Ai mulai menghitung jumlah layar monitor dengan membaca huruf yang tertempel pada bingkai monitor. "A, B,… C,… D,… E."

"Buuggh." Suara jantungku terhenti mendengar hitungan Ai tersebut. Aku tersenyum menyeringai sembari menaikkan alis, serta membenarkan posisi dari kacamata dengan tangan kananku.

"Hellow…" Ai mengayunkan kedua tangannya dihadapan wajahku yang sedang sumringah.

"Kamu sudah mengetahui nama jalannya, ya ?" ujar Ai padaku.

"Tepat sekali Ai. Begini, Jalan Chayo (organ dalam ganti dengan 9) = organ dalam berarti huruf tengah dan angka 9 berarti huruf 'i' dalam urutan alphabet. Jadi, huruf yang diganti adalah huruf 'a' pada kata 'Chayo' menjadi Chiyo…" Aku menjelaskan secara lugas pada seluruh penghuni mobil Van.

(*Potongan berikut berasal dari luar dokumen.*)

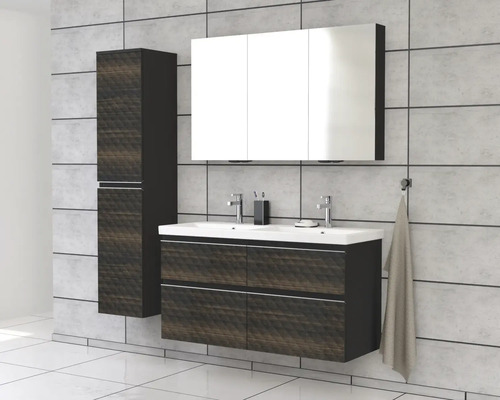 Set de baie modern cu dulap sub lavoar, dulap cu oglindă și dulap înalt.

"…Apabila digabungkan semua dari analisa tadi, maka tempat pertemuannya adalah Kota Beika, Jl. Chiyo No. 22…" Aku terlarut dalam kepuasan karena telah memecahkan satu bagian dari pesan aneh yang diberikan anokata pada Rena Mizunashi, lalu diteruskan kepada bu Jodie.

"Apa kamu yakin Cool Kid ?" Bu Jodie ingin memastikan analisaku.

"Aku yakin sekali bu Jodie…" Jawabku sumringah.

"Kamu yakin…itu adalah alamat rumahmu dan dekat dengan rumah Prof. Agasa lho !?" Ai ikut memastikan.

"Hah." Batinku kembali tersedak karena melewatkan sesuatu yang tak terpikirkan karena terlalu senang. Tempat pertemuannya berada di rumahku, apa-apaan ini ? Apa Ai benar tentang Subaru Okiya ? Bahwa dia salah seorang anggota Organisasi Hitam. Pikiranku semakin kalut, namun ku berusaha tetap tenang karena masih ada bab terakhir yang belum terpecahkan, yaitu waktu pertemuan.

"Shiho Miyano, si pengkhianat itu akhirnya ditemukan." Ujar Gin memulai perbincangan dengan Vodka di dalam mobil Porsche 356 A berwarna hitam yang sedang melaju kencang di jalan raya.

"Iya kak, Bourbon hebat ya…" Vodka membuka mulutnya yang lebar, tanpa melepas pegangan tangannya dari setir mobil.

"Cuih, apanya yang hebat. Dia hanya tikus kecil yang beruntung menemukan tikus pengkhianat lainnya." Desir Gin kesal dengan nada merendahkan kerja keras Bourbon.

"Bourbon merupakan anggota organisasi kita yang baru, tapi dia sudah sangat lihai dalam menginspeksi, mengumpulkan informasi, dan berwawasan luas lagi." Seru Kir yang duduk manis di jok belakang dengan kepulan asap yang keluar dari asap rokoknya sendiri.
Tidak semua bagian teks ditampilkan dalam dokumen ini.